With what you know now, you will notice that these are really the
properties max
and min
of the object stored under the name
Math
. This is another role that objects can play: A warehouse
holding a number of related values.
¶ There are quite a lot of values inside Math
, if they would all have
been placed directly into the global environment they would, as it is
called, pollute it. The more names have been taken, the more likely
one is to accidentally overwrite the value of some variable. For
example, it is not a far shot to want to name something max
.
¶ Most languages will stop you, or at least warn you, when you are defining a variable with a name that is already taken. Not JavaScript.
¶ In any case, one can find a whole outfit of mathematical functions and
constants inside Math
. All the trigonometric functions are there ―
cos
, sin
, tan
, acos
, asin
, atan
. π and e, which are
written with all capital letters (PI
and E
), which was, at one
time, a fashionable way to indicate something is a constant. pow
is
a good replacement for the power
functions we have been writing, it
also accepts negative and fractional exponents. sqrt
takes square
roots. max
and min
can give the maximum or minimum of two values.
round
, floor
, and
ceil
will round numbers to the closest whole number, the whole
number below it, and the whole number above it respectively.
¶ There are a number of other values in Math
, but this text is an
introduction, not a reference. References are what you look at when
you suspect something exists in the language, but need to find out
what it is called or how it works exactly. Unfortunately, there is no
one comprehensive complete reference for JavaScript. This is mostly
because its current form is the result of a chaotic process of
different browsers adding different extensions at different times. The
ECMA standard document that was mentioned in the introduction provides
a solid documentation of the basic language, but is more or less
unreadable. For most things, your best bet is the Mozilla Developer
Network.
¶ Maybe you already thought of a way to find out what is available in
the Math
object:
for (var name in Math) print(name);
¶ But alas, nothing appears. Similarly, when you do this:
for (var name in ["Huey", "Dewey", "Loui"]) print(name);
¶ You only see 0
, 1
, and 2
, not length
, or push
, or join
,
which are definitely also in there. Apparently, some properties of
objects are hidden. There is a good reason for
this: All objects have a few methods, for example toString
, which
converts the object into some kind of relevant string, and you do not
want to see those when you are, for example, looking for the cats that
you stored in the object.
¶ Why the properties of Math
are hidden is unclear to me. Someone
probably wanted it to be a mysterious kind of object.

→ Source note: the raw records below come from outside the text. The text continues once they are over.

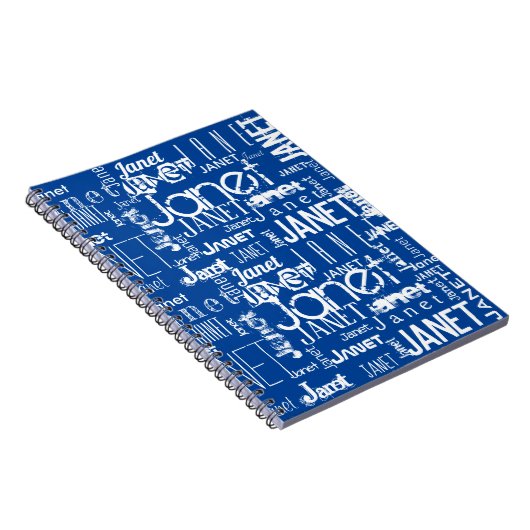 Blue White Name Word Cloud Typografie Notebook Notizblock (Rechte Seite)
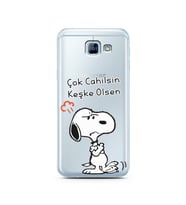 Snoopy Tasarımlı Süper Şeffaf Silikon Telefon Kılıfı Samsung A8 (2016)  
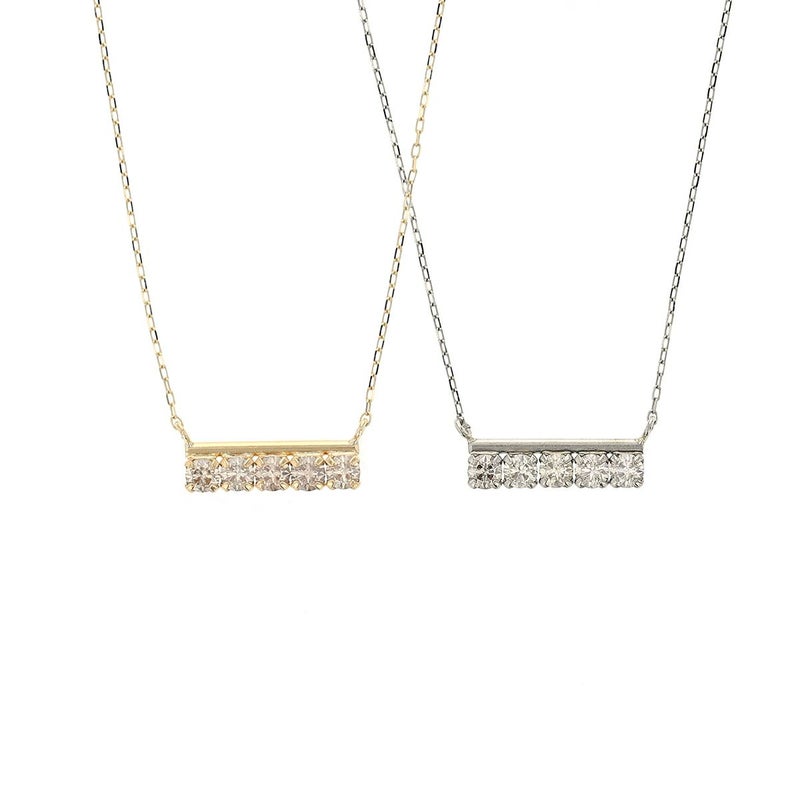 H&C鑑別書付き プラチナ/K18 YG ダイヤモンド ネックレス ラインネックレス バーネックレス PT プラチナ K18 イエローゴールド 18K 18金 誕生日プレゼント レディース 女性 彼女 20代 30代 40代 誕生日 記念日 ギフト ハート＆キューピッド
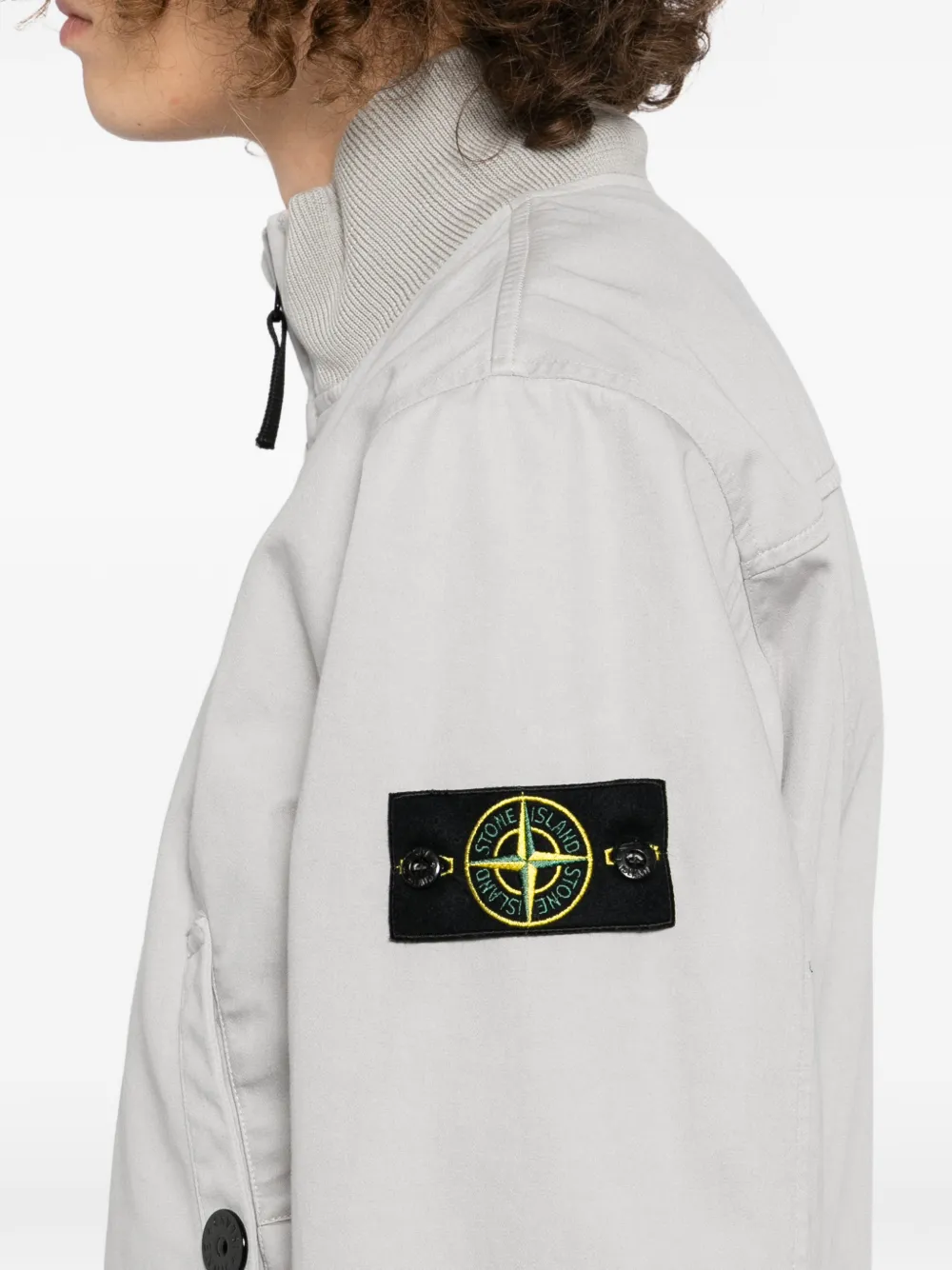 Stone Island logo-patch bomber jacket Grijs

¶ All properties your programs add to objects are visible. There is no
way to make them hidden, which is unfortunate because, as we will see
in chapter 8, it would be nice to be able to add methods to objects
without having them show up in our for
/in
loops.
¶ Some properties are read-only, you can get their value but not change it. For example, the properties of a string value are all read-only.
¶ Other properties can be 'active'. Changing them causes things to happen. For example, lowering the length of an array causes excess elements to be discarded:
var array = ["Heaven", "Earth", "Man"]; array.length = 2; show(array);
- There are a few subtle problems with this approach, which will be discussed and solved in chapter 8. For this chapter, it works well enough.